AIM OF THE EXERCISE:
No pictures go into the copy. Write out every line below exactly.

[Short text fragments from websites]

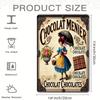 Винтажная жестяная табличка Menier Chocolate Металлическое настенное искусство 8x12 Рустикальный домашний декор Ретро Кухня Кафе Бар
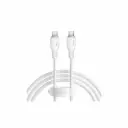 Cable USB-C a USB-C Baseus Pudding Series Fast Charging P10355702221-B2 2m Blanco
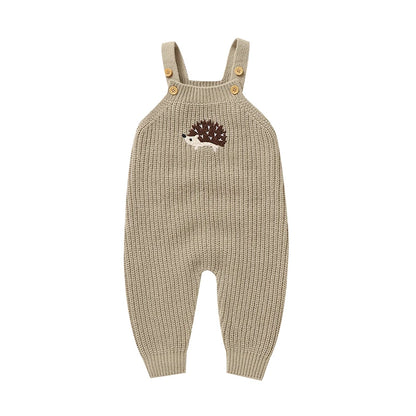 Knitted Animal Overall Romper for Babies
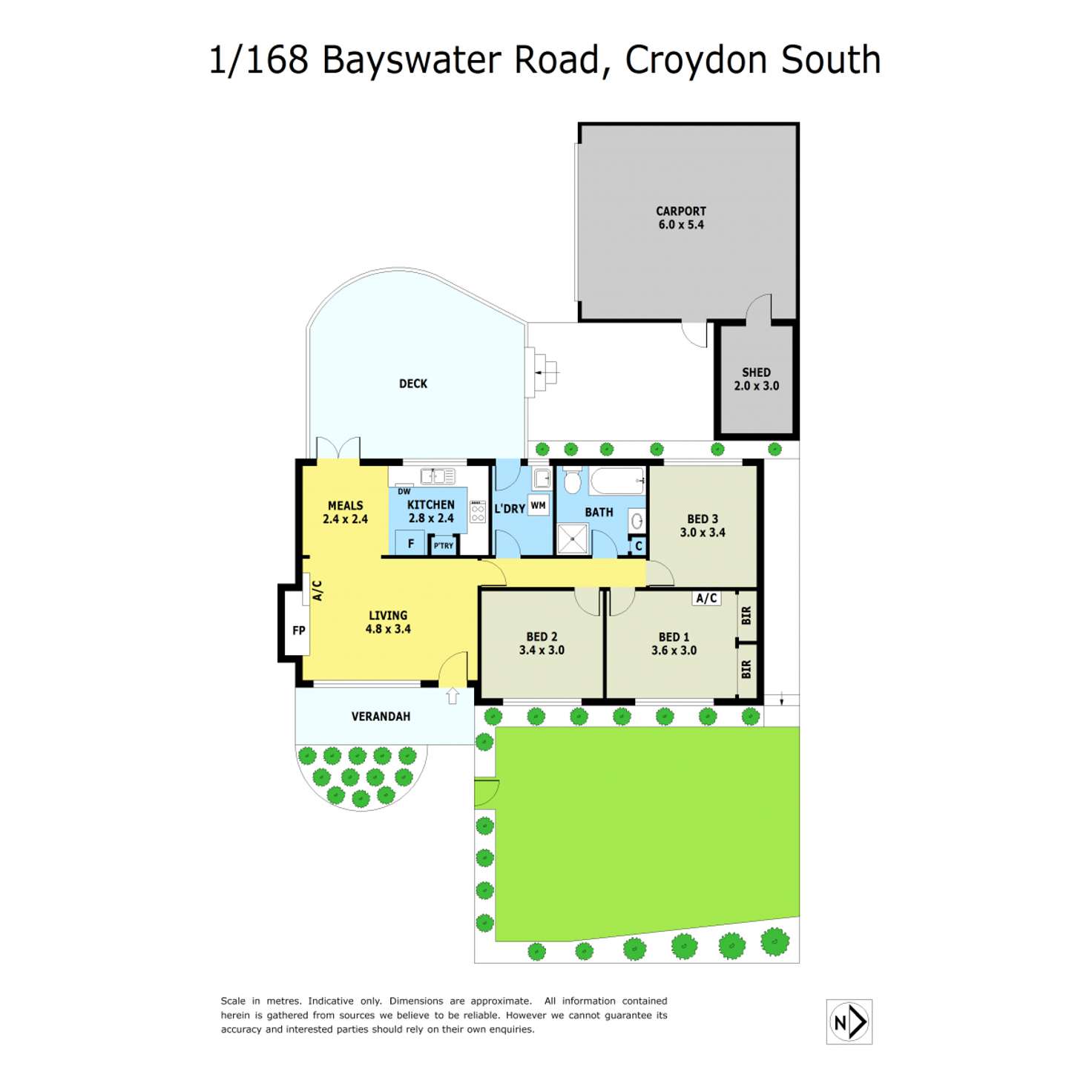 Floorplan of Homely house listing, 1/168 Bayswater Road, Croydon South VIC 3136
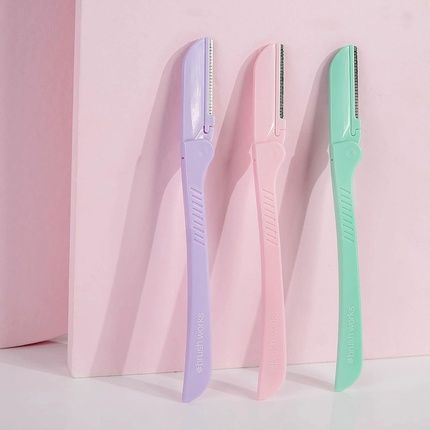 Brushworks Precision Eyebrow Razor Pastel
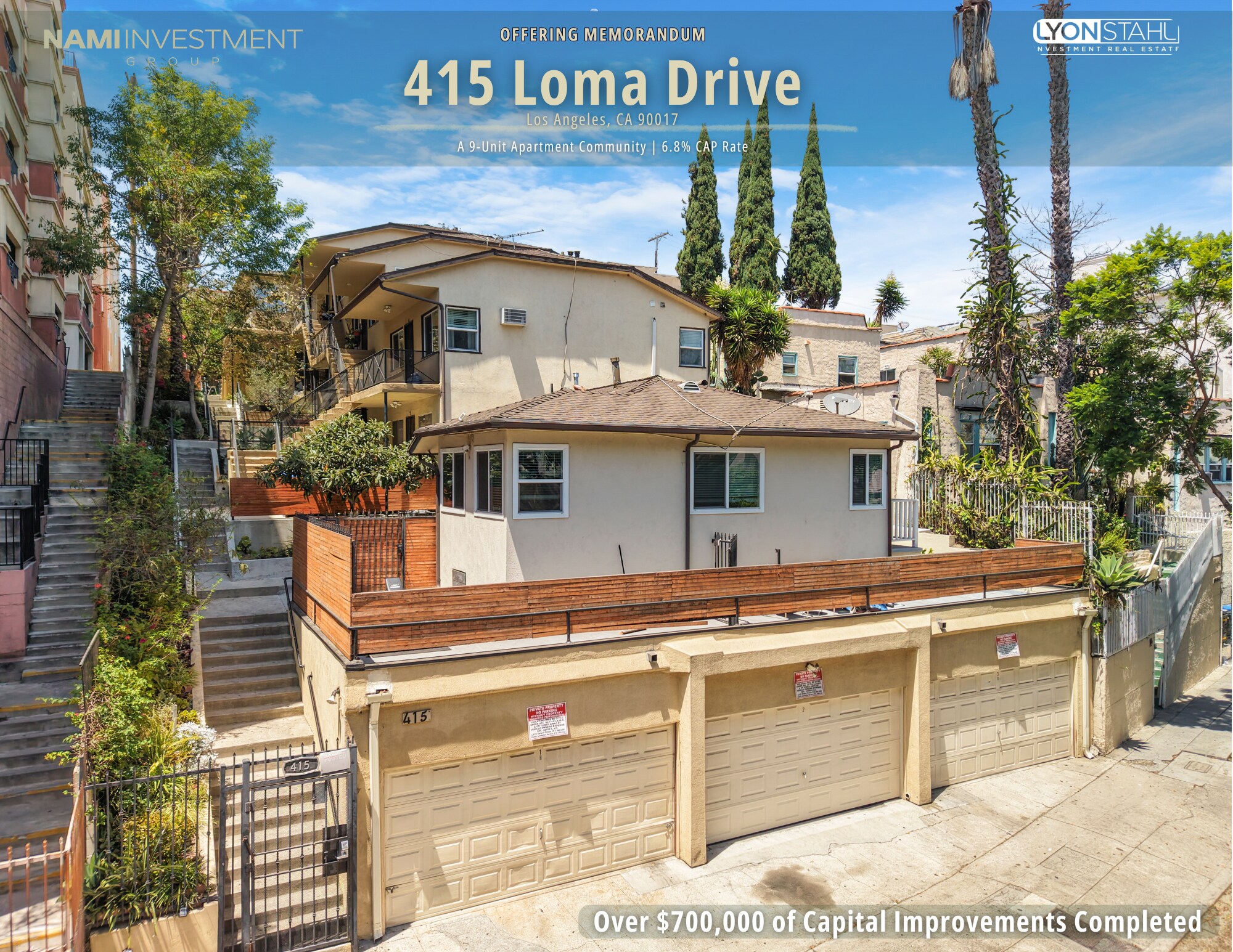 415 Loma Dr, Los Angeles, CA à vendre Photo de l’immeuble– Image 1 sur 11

EXERCISE RESULT:
 Винтажная жестяная табличка Menier Chocolate Металлическое настенное искусство 8x12 Рустикальный домашний декор Ретро Кухня Кафе Бар
 Cable USB-C a USB-C Baseus Pudding Series Fast Charging P10355702221-B2 2m Blanco
 Knitted Animal Overall Romper for Babies
 Floorplan of Homely house listing, 1/168 Bayswater Road, Croydon South VIC 3136
 Brushworks Precision Eyebrow Razor Pastel
 415 Loma Dr, Los Angeles, CA à vendre Photo de l’immeuble– Image 1 sur 11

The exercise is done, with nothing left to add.